### TASK
Records follow. Print exactly the lines from the one that has "2016 RAM 1500 Longhorn Limited" through the one that has "Gesundheitsausgaben auf über", inclusive, and omit the pictures.

### DATA EXTRACTS
::::::::::
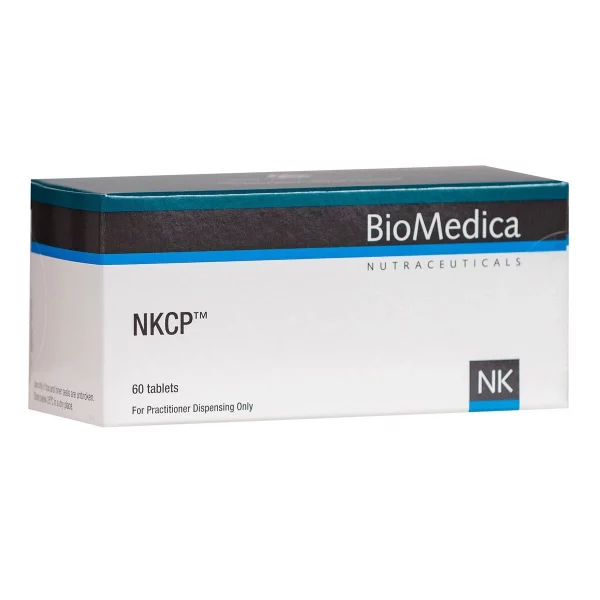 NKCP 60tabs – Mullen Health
::::::::::
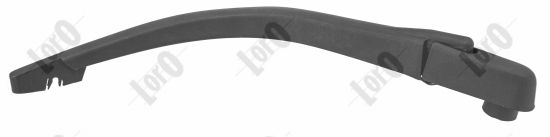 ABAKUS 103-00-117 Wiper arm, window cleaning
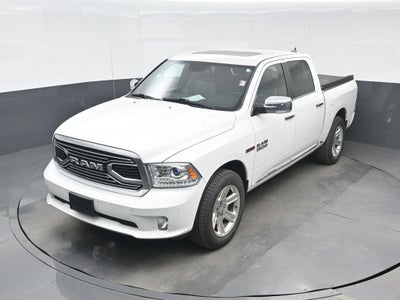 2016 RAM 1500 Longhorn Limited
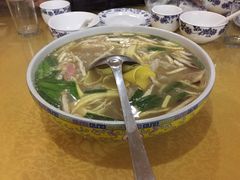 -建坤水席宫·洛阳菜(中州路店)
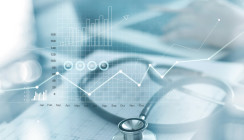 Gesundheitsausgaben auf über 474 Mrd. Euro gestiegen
::::::::::
### REPLY TO THE TASK
 2016 RAM 1500 Longhorn Limited
 -建坤水席宫·洛阳菜(中州路店)
 Gesundheitsausgaben auf über 474 Mrd. Euro gestiegen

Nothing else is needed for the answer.